You’re right in thinking that the number of distinct odd digits cannot be more than $3$. You’re also right in thinking that there are $\binom51\binom52$ ways to choose one odd digit and two even digits, $\binom52\binom54$ ways to choose two odd and four even digits, and $\binom53\binom56$ ways to choose three odd and six even digits, but you should notice that $\binom56=0$: you can’t pick $6$ different even digits when only $5$ are available. Thus, there are really only two cases to consider: one odd digit and two even digits, and two odd and four even digits. The real work, though comes in counting the ways to arrange the digits once you’ve chosen them.
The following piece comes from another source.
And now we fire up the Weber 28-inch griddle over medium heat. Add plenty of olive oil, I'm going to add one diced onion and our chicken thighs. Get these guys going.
Suppose that you’ve chosen an odd digit, $d$, and two even digits, $e_0$ and $e_1$. If you use $d$ only once, you can put it in any of $9$ positions in the number. Then you can distribute $e_0$ and $e_1$ in the other $8$ positions however you please, except that you cannot use just $e_0$ or just $e_1$. There are $2^8$ ways to distribute $e_0$ and $e_1$ among the $8$ open positions, but two of those use only one of the digits, so there are $2^8-2$ ways that use both digits. Thus, we get a total of $9(2^8-2)$ nine-digit numbers in this subcase. If you use $d$ twice, there are $\binom92$ pairs of positions in which you can place the two $d$’s, and by the same reasoning as before there are $2^7-2$ ways to distribute $e_0$’s and $e_1$’s amongst the remaining $7$ places, so there are $\binom92(2^7-2)$ nine-digit numbers in this subcase. Continuing in this fashion, it’s a little tedious but not hard to get the number of nine-digit numbers in this case.
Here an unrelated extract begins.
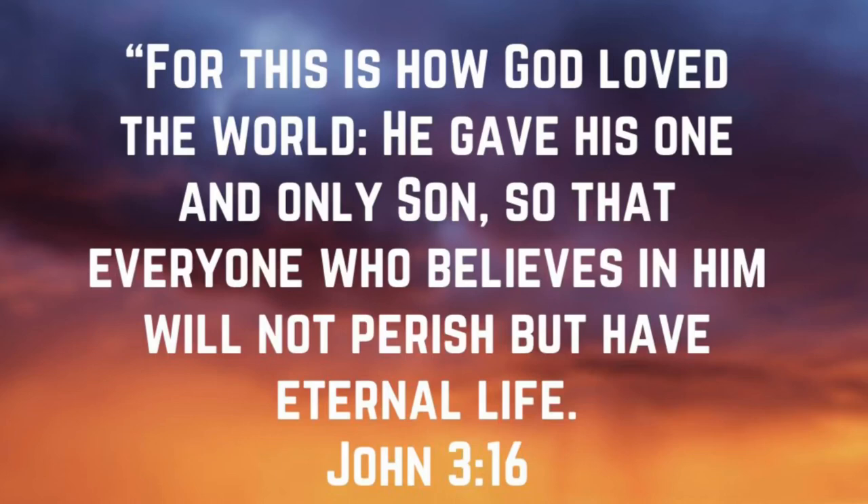This is how God loved the world — he gave his one and only son, so that everyone who believes in him will not perish but have eternal life. John 3:16.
If instead you’ve chosen odd digits $d_0$ and $d_1$ and even digits $e_0,e_1,e_2$, and $e_3$, you can reason similarly, though there’s a little more work involved. Suppose, for instance, that you’ve decided to put the odd digits into $4$ spots, leaving the other $5$ for the even digits. There are $\binom94$ ways to choose the $4$ positions for the odd digits. There are $2^4-2$ ways to distribute $d_0$ and $d_1$ amongst these $4$ positions, excluding the two ways that use only one of the two digits. It remains to count the ways to distribute the even digits amongst the other $5$ positions. Clearly one of them must appear twice and the other three once each. There are $4$ ways to pick the one that appears twice, and there are $\binom52$ ways to pick the slots for it. There are then $3!$ ways to permute the remaining $3$ even digits amongst the remaining three slots, for a grand total of $\binom94(2^4-2)\cdot4\binom52\cdot3!$ numbers. There a few more subcases, depending on how many places you fill with odd digits, but you can use the same basic ideas for all of them.